En 1675, Nicolas Barré revint à Paris où il continua ses fondations d'écoles populaires et de communautés, comme les Maîtresses Charitables du Saint-Enfant Jésus, dites aussi Dames de Saint-Maur. Rapidement l’œuvre de Nicolas Barré, et surtout, l'esprit qui l'inspirait, devint une référence. De 1675 jusqu'à sa mort en 1686, Nicolas Barré, à Paris, poursuivit la même mission qu'à Rouen, soutenant ceux qui voulaient créer des écoles populaires. Il fut aussi un directeur spirituel très compétent auprès des personnes éprouvées par des peines intérieures, et un prédicateur ardent de l'Évangile.

Nicolas Barré mourut le 31 mai 1686 à Paris. Apprenant son décès, des foules se précipitèrent jusqu'à son couvent au quartier du Marais, en s'écriant: "le saint des Minimes est mort! "

Il fut béatifié à Rome le 7 mars 1999, par le pape Jean-Paul II. Sa fête a été fixée au 21 octobre, anniversaire de sa naissance.

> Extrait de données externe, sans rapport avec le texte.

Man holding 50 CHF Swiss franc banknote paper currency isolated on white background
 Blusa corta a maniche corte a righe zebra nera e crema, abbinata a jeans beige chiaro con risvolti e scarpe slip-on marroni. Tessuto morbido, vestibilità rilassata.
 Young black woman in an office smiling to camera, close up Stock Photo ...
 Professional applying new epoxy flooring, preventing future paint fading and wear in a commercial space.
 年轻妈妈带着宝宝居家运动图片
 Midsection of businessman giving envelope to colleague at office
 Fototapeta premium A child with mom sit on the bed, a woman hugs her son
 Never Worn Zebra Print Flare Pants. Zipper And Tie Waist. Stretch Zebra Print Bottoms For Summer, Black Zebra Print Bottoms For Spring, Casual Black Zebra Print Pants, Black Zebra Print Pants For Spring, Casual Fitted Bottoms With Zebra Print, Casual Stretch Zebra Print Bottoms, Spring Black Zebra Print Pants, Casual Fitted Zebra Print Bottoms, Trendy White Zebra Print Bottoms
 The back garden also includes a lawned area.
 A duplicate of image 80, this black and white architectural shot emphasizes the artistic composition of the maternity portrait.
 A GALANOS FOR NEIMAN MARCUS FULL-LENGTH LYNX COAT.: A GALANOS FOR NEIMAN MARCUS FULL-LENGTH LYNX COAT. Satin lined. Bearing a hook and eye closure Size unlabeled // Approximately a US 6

Quelques mots sur la spiritualité de Nicolas Barré.

Nicolas Barré écrira: "L'Institut des Écoles charitables est comme l'Église: il avancera au milieu des persécutions et des contradictions; et tout ce qui semblera le détruire, c'est ce qui l'établira et l'affermira davantage. Il faut être dans l'abandon à Dieu pour ce dessein et tout attendre de lui avec confiance."

Aux jeunes femmes de plus en plus nombreuses, et aux quelques jeunes gens qui venaient s'offrir pour le service éducatif des enfants pauvres, il apprit à puiser dans la contemplation du "Dieu fait homme et même petit enfant", l'amour, la patience, le courage, le désintéressement et la liberté intérieure nécessaires aux éducateurs. À la communauté que formaient les "Maîtresses charitables" dispersées dans la plupart des régions de France, il donnait un minimum d'organisation, mais aucune sécurité matérielle qui aurait pu en assurer la durée, car, disait-il, "II ne faut pas la faire dépendre des moyens ordinaires à la sagesse et à la prudence humaine".

Dans sa dernière lettre, il laissa un message d’espérance à ses disciples inquiets de l’avenir de la fondation, si fragile sans aucun des moyens susceptibles d'assurer matériellement sa sécurité. Dans cette lettre, il leur disait entre autre:

"Quoi qu’il arrive, soyez toujours en paix et confiez-vous en Dieu; il vous sera fait selon votre Foi, votre Espérance et votre Charité, et encore par-delà."